The fourth gives the list of datasets given a particular annotation filter.

The fifth returns the version of the plugin.

Filter syntax

Below are examples of JSON queries that can be posted to the routes.

No filters, i.e. get all (this only really makes sense for the /annotation_filter_plugin/annotation_keys route).

{}

Get only datasets that have the key “color”:

{
    "annotation_keys": ["color"]
}

Get only datasets that have the “color” is set to “red”:

{
    "annotations": {"color": "red"}
}

Get only datasets that have both the keys “color” and “pattern”:

{
    "annotation_keys": ["color", "pattern"]
}

Get only datasets that have the “color” is set to “red” and “pattern” set to “stripey”:

{
    "annotations": {"color": "red", "pattern": "stripey"}
}

Get only datasets that have the keys “color” and “pattern” and where the “color” is set to “red”:

{
    "annotation_keys": ["color", "pattern"],
    "annotations": {"color": "red"}
}

Limitations

  • This plugin only recognises annotations where the value is a basic type, such as a string, a number or a boolean value. In other words a dataset’s annotations where the value is a data structures such as lists and dictionaries will be ignored.
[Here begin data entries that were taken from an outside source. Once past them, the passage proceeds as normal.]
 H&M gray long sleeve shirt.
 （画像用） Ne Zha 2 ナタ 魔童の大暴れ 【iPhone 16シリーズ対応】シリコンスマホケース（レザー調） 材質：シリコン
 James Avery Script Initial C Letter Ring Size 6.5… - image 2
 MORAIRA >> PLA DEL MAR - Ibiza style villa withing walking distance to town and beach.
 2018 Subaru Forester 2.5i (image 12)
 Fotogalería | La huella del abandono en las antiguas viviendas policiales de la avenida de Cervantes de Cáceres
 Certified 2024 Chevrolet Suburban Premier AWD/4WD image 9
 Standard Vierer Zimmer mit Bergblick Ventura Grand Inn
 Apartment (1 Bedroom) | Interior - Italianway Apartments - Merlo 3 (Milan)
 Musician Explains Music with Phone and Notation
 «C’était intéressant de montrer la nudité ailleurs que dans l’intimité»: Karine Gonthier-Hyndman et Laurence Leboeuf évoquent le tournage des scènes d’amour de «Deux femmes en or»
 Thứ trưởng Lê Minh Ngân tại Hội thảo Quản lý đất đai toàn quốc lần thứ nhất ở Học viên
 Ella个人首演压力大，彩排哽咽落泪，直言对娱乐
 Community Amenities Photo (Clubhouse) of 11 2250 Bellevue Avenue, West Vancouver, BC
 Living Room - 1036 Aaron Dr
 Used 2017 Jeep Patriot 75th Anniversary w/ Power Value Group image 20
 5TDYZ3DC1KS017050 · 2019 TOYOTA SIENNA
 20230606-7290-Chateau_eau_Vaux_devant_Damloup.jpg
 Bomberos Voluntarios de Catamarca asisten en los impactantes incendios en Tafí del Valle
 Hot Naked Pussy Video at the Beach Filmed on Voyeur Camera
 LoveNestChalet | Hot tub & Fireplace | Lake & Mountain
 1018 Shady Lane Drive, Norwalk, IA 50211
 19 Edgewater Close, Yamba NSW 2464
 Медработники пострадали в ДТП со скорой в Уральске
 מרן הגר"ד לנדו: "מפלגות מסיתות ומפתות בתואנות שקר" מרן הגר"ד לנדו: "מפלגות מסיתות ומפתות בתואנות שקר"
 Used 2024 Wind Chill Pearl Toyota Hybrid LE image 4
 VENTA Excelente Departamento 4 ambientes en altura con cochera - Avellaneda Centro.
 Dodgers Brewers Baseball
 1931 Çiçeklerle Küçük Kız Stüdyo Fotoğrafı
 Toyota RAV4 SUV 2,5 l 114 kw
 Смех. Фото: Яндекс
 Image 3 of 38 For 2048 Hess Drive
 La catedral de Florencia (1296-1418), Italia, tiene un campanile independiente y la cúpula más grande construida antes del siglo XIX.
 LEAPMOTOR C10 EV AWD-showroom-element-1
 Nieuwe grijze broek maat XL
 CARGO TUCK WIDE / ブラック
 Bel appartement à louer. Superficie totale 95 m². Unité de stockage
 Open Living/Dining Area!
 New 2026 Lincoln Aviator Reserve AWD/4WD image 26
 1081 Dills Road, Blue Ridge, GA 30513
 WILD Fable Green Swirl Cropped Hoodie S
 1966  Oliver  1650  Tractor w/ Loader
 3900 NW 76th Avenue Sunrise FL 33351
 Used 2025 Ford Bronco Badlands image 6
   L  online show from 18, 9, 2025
  • Datasets that do not have any annotation with a basic type as a value will not be recognised up by this plugin.

Usage

Preparation

The dtool lookup server makes use of the Authorization header to pass through the JSON web token for authorization. Below we create environment variables for the token and the header used in the curl commands:

$ TOKEN=$(flask user token olssont)
$ HEADER="Authorization: Bearer $TOKEN"

Find keys available for filtering and the number of datasets associated with them

The command below finds all annotations keys available for further filtering:

$ curl -H "$HEADER" -H "Content-Type: application/json"  \
    -X POST -d '{}'  \
    http://localhost:5000/annotation_filter_plugin/annotation_keys

The response below means that the annotation key “color” has 120 datasets associated with it and the annotation key “pattern” has 50 datasets associated with it.

{"color": 120, "pattern": 50, "size": 10}

Suppose that one chooses to filter further based on the “pattern” annotation key. Using the command below one could find the annotation keys that are still relevant given that each dataset has to have the annotation key “pattern”.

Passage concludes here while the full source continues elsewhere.